Apesar de ser claro que um mandato residual se traduz também da sucessão, esse fator, per si, não pode ser o único levado em consideração, já que a brevidade, a transitoriedade, a inexpressividade e a interinidade são essenciais à caracterização do mandato-suplementar, mandato-residual ou mandato-suplementar. Essa é sua essência.
Conclusão
O aspecto temporal é elementar à interpretação constitucional do objeto proposto e, se assim não o fosse, poderíamos cogitar hipóteses interpretativas antirrepublicanas, de modo que determinado agente político poderia exercer o mandato por quase todo biênio e alegar, em razão do simples fator sucessório, a ocorrência do mandato-tampão a burlar a vedação à recondução. Nesse ponto, inexiste tratamento diferenciado em relação ao mandato regular.

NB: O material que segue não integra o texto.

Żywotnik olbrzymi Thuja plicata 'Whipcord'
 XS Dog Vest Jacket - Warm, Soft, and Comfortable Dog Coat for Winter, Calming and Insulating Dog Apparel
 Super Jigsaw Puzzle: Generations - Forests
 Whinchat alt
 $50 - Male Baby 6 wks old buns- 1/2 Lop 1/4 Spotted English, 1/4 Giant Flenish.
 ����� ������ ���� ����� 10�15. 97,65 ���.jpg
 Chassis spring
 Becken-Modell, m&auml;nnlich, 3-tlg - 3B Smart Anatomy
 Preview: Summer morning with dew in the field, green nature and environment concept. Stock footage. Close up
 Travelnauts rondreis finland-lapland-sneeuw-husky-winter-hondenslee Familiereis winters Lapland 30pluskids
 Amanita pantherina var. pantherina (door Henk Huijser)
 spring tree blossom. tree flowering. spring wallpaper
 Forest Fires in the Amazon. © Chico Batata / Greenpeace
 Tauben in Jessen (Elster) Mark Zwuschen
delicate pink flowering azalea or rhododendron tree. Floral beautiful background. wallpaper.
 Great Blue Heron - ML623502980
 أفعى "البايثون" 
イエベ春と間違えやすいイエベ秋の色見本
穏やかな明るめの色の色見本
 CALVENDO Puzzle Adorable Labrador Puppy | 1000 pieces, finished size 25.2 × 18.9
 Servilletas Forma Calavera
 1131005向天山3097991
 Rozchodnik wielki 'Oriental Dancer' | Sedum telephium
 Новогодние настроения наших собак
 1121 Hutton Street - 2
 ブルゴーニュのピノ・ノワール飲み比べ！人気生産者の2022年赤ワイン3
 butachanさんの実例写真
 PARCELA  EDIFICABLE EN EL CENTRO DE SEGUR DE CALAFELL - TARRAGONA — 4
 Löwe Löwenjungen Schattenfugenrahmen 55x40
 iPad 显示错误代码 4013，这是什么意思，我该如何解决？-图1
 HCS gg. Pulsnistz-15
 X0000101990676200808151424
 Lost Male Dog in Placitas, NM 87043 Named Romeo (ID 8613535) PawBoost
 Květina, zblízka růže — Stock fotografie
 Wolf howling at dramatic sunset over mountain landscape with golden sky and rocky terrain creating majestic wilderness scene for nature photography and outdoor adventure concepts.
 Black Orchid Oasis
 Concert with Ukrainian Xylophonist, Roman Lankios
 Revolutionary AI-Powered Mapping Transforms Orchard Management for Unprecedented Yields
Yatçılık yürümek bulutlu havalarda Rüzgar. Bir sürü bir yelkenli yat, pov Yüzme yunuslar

Portanto, parece-nos inevitável um avanço interpretativo pela Suprema Corte, a fim de atribuir interpretação conforme à Constituição a determinadas normas regimentais, estabelecendo que não se configura mandato-tampão a afastar o cômputo das reconduções vedadas pela Suprema Corte, quando há exercício considerável do cargo no biênio (mais de um ano e seis meses), já que a temporalidade, a transitoriedade, a inexpressividade e a interinidade são essenciais à caracterização do mandato-tampão e à sua essencialidade de simplesmente “completar o mandato”.
[1] O mandato exercido em caráter tampão ou residual por membro da Mesa Diretora não será computado para fins de elegibilidade nos pleitos subsequentes, admitida a reeleição ou recondução para o mesmo cargo. (Art. 12, § 5º do Regimento Interno da Assembleia Legislativa do Estado de Roraima).